As many as 9,000 non-metallic mines operate in Illinois, Iowa, Minnesota, and Wisconsin – approximately one mine for every 3,000 residents. Until recently, those mines have operated without opposition. But industrial sand mining recently has become a more contentious issue as environmental groups have taken note of the growing number of mines meeting the growing demand for the industrial silica sand used in oil and natural gas development, referred to as “frac sand.”
In this Policy Study, the third in a series addressing frac sand mining topics, Heartland Institute Research Fellow Isaac Orr and Mark Krumenacher, a senior principal and senior vice president of GZA GeoEnvironmental, Inc., specifically address the potential impacts of frac sand mining on public roadways. They write:
Because local units of government generally have the primary regulatory responsibility for industrial sand mining in the Midwest, this Policy Study is written especially for them and the constituents they serve. It addresses the potential impacts of industrial sand operations on the public roadways and provides an overview of successful methods used to minimize those potential drawbacks while maximizing the benefits of industrial sand mining to the community.

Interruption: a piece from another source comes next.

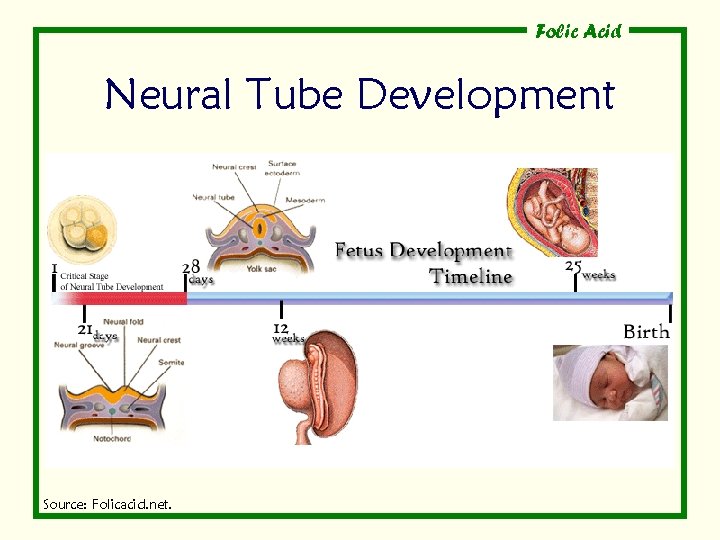 Folic Acid Neural Tube Development Source: Folicacid. net.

Orr and Krumenacher discuss the main factors that influence the lifespan of a road; examine a case study of road upkeep and maintenance agreements from Chippewa County, Wisconsin; and consider the historical impacts of transporting industrial sand in four Midwest states. They conclude,
local officials … have the statutory authority and adequate tools to protect public infrastructure used by industrial sand operations and other industries. Industrial sand operators have spent millions of dollars upgrading and maintaining local and county roadways to meet their needs for transporting industrial sand and providing safe and efficient transportation for members of the community.